Eleven Wiwa Indians killed by lightning during a tribal ceremony in Colombia’s Sierra Nevada mountains will be left unburied where they died according to their traditions, an official said Sunday.
The community of about 60 families will abandon their remote village in the wake of Monday’s tragedy, but it was not yet clear where they would go, said Jose Gregorio Rodriguez, an advisor on the Wiwas at the National Indigenous Organization of Colombia, which represents the country’s 800,000 indigenous people.
“The bodies will stay in the ‘uguma’ (ceremonial hut) where they died and the community will leave the site, as their customs and traditions dictate,” Rodriguez told AFP.
The 11 men were killed on Monday when lightning struck the hut during a ceremony, also injuring another 20 participants who suffered second and third degree burns.
The Wiwas, a tribe that retreated into the Sierra Nevada of northern Colombia after the Spanish conquest, revere all aspects of nature and believe they are called to keep the world in balance.
Some villagers saw the devastating lightning strike as a spiritual blow in response to “man’s turning his back on nature,” Lorenzo Gil, a survivor, told AFP this week.
After the tragedy, the villagers held a long funeral ritual, whose first part concluded on Friday.
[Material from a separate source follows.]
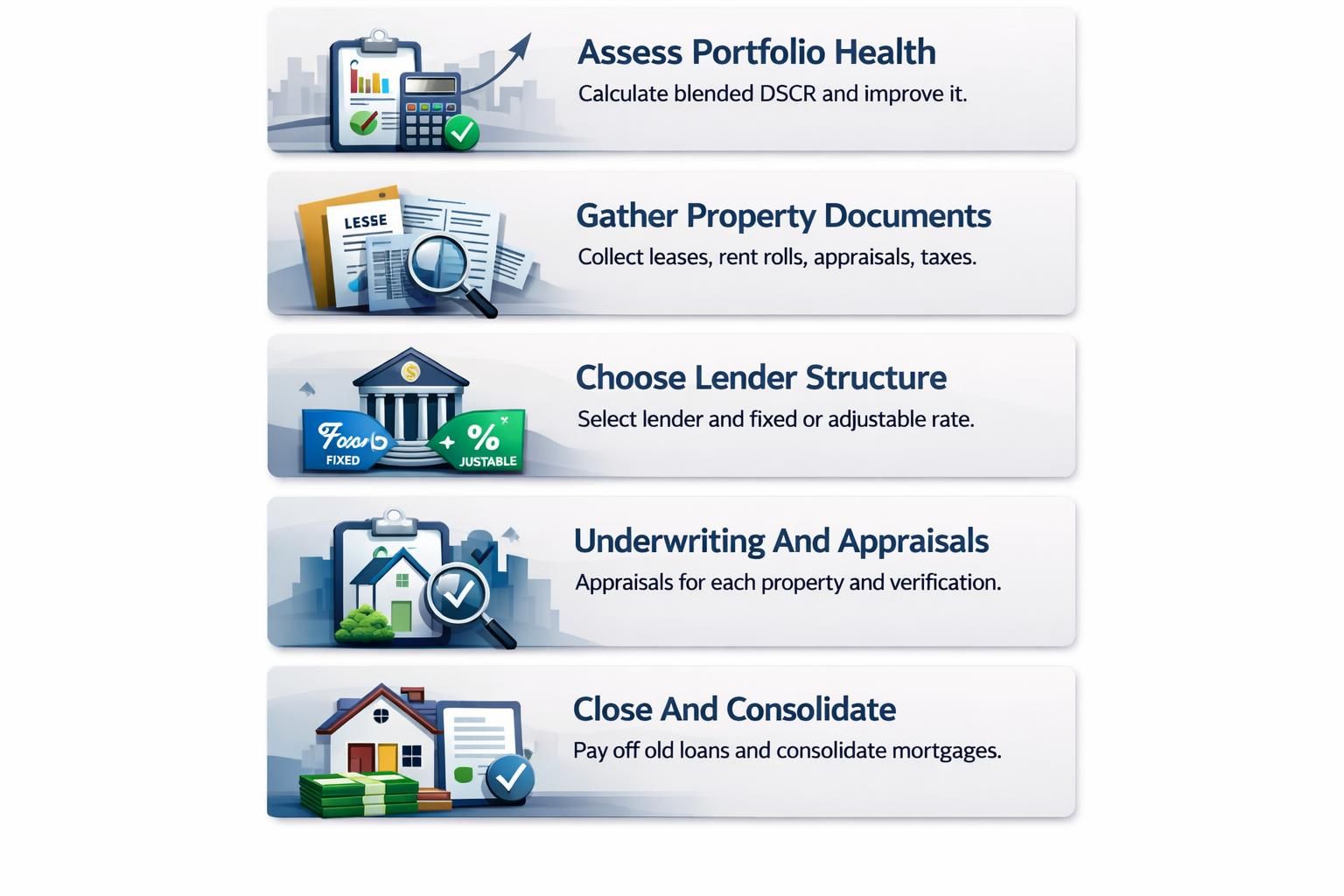 Portfolio DSCR loan steps: Assess portfolio health, Gather property docs, Choose lender structure, Underwriting appraisals, Close and consolidate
A 10-day healing ceremony will follow.
“This rite is a healing for the people but also for the affected territories,” said Rodriguez.
A day after the lightning strike that killed the Wiwas, another indigenous community in the Sierra Nevada, the Arhuacas, were hit by a landslide that killed six people, including five children.
“When the indigenous die as a result of tragic acts of nature, the community abandons the place to avoid other dangerous natural phenomena,” said Rodriguez.